# Will a very new hive likely swarm?



## JYawn (Dec 6, 2011)

I just found out last weekend that I have a neighbor that keeps bees (YES!!!). He has kept bees for years and currently has 4 hives.

He is pretty wealthy and owns this HUGE field that he uses as his own personal airport out here in the country part of our county. His home and hives are also located in this big field. I live in a subdivision right up next to his field. Just met his wife last weekend and told her about my soon to be bees and that is when I found out about him beeing a beek also.

Anyway, she just explained to me that all of his bees died off last winter and he just recently installed some new packages in all of his hives several weeks ago... possibly up to a month ago.

I have a swarm trap out in on of my trees already. I had it out prior to even knowing if there were any colonies close by. I'm pretty excited to know that I'm in very close vacinity of 4 colonies now.

My questions is, how likely is it for a first year hive to swarm? if it is likely at all I think my odds are a little bit better due to him having 4 of them.


----------



## Beev (Jul 16, 2011)

It's possible for them to swarm but not likely.
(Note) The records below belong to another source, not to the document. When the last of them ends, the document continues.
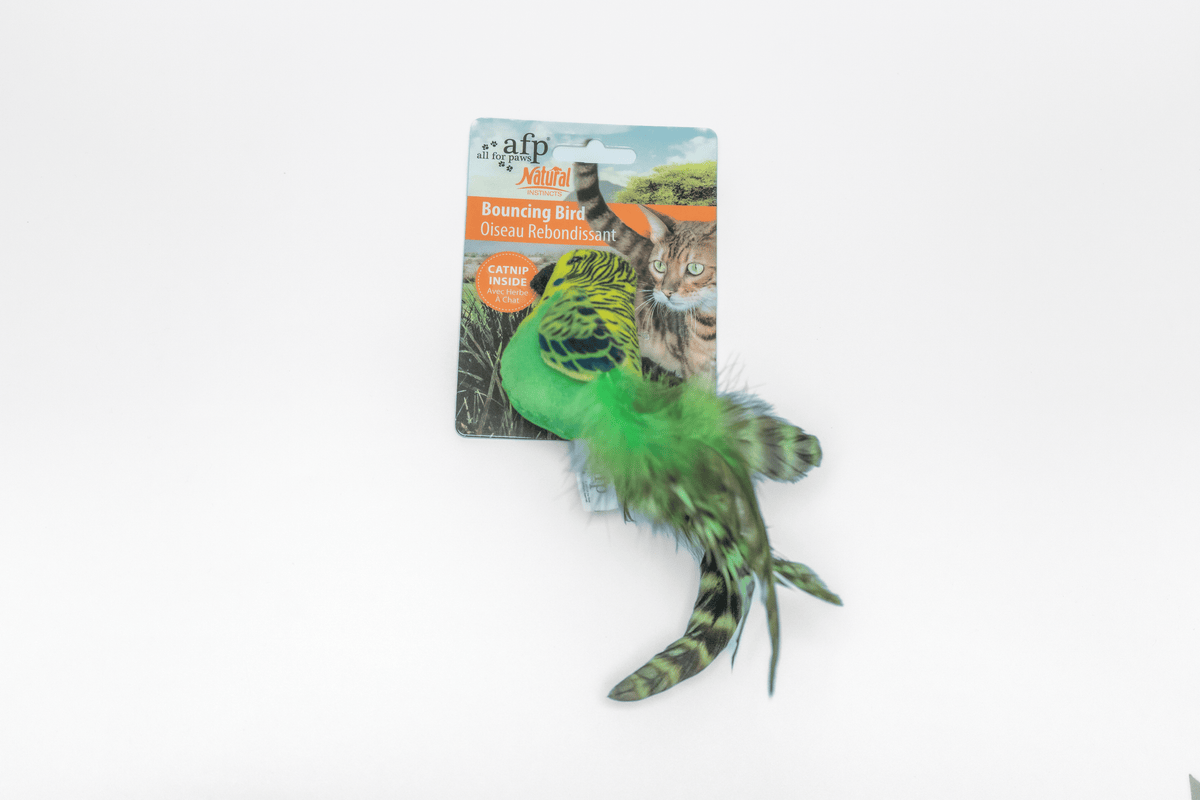 Bouncing Bird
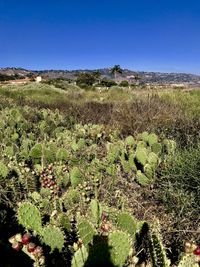 Cactus growing on field against clear sky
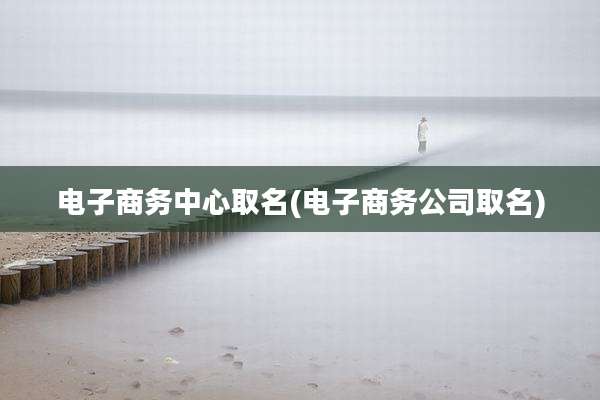 电子商务中心取名(电子商务公司取名)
They may not like their new home and abscond, or he may overfeed and they could backfill the broodnest and swarm, or....or... You get the point.


----------



## Charlie B (May 20, 2011)

First year hives will swarm, believe me. It all depends on how fast they build up and clog the brood nest. During a casual conversation ask if the queens are marked. That way, later this year you might get a swarm with a marked queen! 

You could do what Odfrank does to his neighbors and covertly feed them so they stuff all that syrup in the brood nest and swarm. He has traps surrounding every know apiary in the Bay Area.


----------



## JYawn (Dec 6, 2011)

Charlie B said:


> You could do what Odfrank does to his neighbors and covertly feed them so they stuff all that syrup in the brood nest and swarm. He has traps surrounding every know apiary in the Bay Area.


Would that actually work? LOL, not that I plan on trying to screw my neighbor out of his bees but I would have never even thought about someone doing that.


----------



## MiddleofMae (Mar 1, 2012)

Last year was my first year with bees, and one of the hives swarmed after 2 months! It was a booming hive, and being a new beekeeper, I didn't recognize that I needed to be split! My neighbors, who witnessed the swarm, were thrilled and told me it was the most exciting thing that had happened in the neighborhood since another neighbor's house burned down.


----------



## mrqb (Jul 17, 2011)

i believe charlie B. because i know its true.enough said


----------



## odfrank (May 13, 2002)

Charlie B said:


> You could do what Odfrank does to his neighbors and covertly feed them so they stuff all that syrup in the brood nest and swarm. He has traps surrounding every know apiary in the Bay Area.


Charlie knows well enough that I am far to cheap to feed my neighbor's bees. Last year I caught two swarms that swarmed again after six weeks.


----------